Plus de 44.000 eusko de dons ont été distribués depuis 2013 à une trentaine d’associations. Par ailleurs, l’eusko possède un système de défis qui permet a une entreprise ou une association qui rejoint l’opération d’entamer une démarche de progrès, en relevant au moins deux défis en deux ans. Pour l’environnement d’une part, comme par exemple utiliser 3 produits locaux, faire travailler 3 membres du réseau eusko ou réaliser le tri des déchets dans l’entreprise. Pour l’euskara d’autre part, en proposant un affichage bilingue, (français/euskara) pour ses clients ou en assurant un accueil en basque (pour les associations, relever un défi pour l’euskara n’est pas obligatoire).

Au 31 janvier 2017, 317 entreprises et associations étaient engagées dans la mise en place d’un affichage bilingue grâce aux défis de l’eusko et avec le soutien de l’Office public de la langue basque.

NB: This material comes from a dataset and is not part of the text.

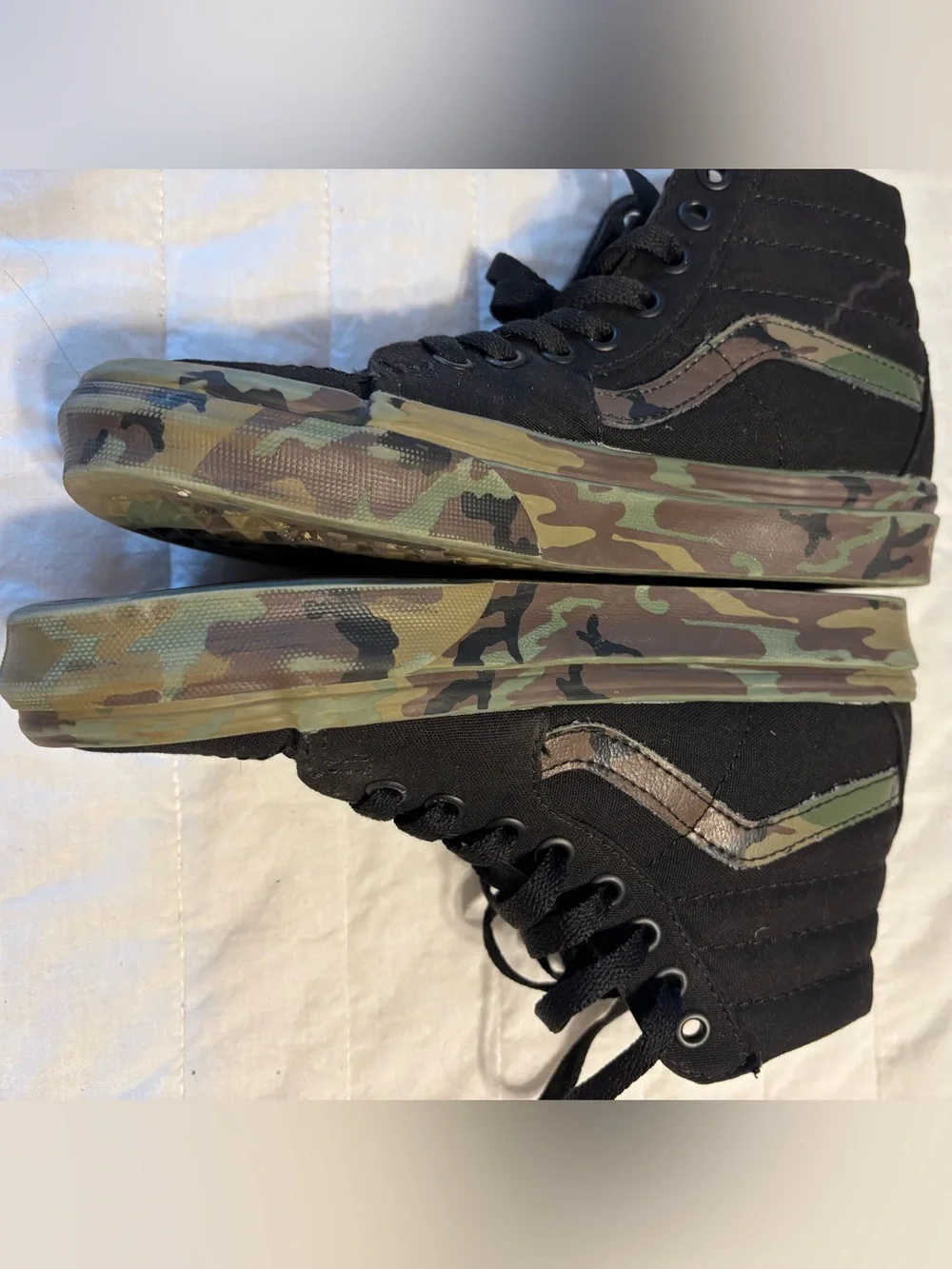VANS CAMO OFF THE WALL high top boys‎ size 3.5 girls size 5  EUC!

Valoriser le territoire et sa culture…

L’eusko est avant tout un moyen pour les professionnels et les particuliers de participer à un projet collectif pour un développement du Pays Basque, la défense de l’environnement, de la langue basque, du commerce de proximité et de l’agriculture paysanne sur le territoire et plus globalement la qualité de la vie.

De plus, l’entreprise, le commerce, le travailleur indépendant, le petit producteur qui rejoignent la démarche constituent un réseau important. Les particuliers ne peuvent dépenser leurs euskos que dans ce réseau. Cela peut permettre à ces professionnels et associations de fidéliser leur clientèle, voire de gagner de nouveaux clients.

De plus, l’eusko a un effet « label », garantissant un certain état d’esprit et une certaine qualité des pratiques des entreprises membres du réseau. L’eusko permet aussi de se poser la question de l’origine et de la manière dont sont fabriqués et distribués les produits et services consommés au quotidien. L’eusko représente la garantie de faire ses achats auprès d’entreprises manifestant un intérêt minimum pour le territoire où elles sont installées, ainsi que pour la diversité linguistique et culturelle, et les valeurs écologiques et sociales.

Cette monnaie lui permet de manifester au quotidien, par un geste des plus concrets et visibles, par un instrument des plus simples à porter et à utiliser, son attachement à son territoire et à un certain modèle de société et d’économie. Le consommateur quotidien devient acteur.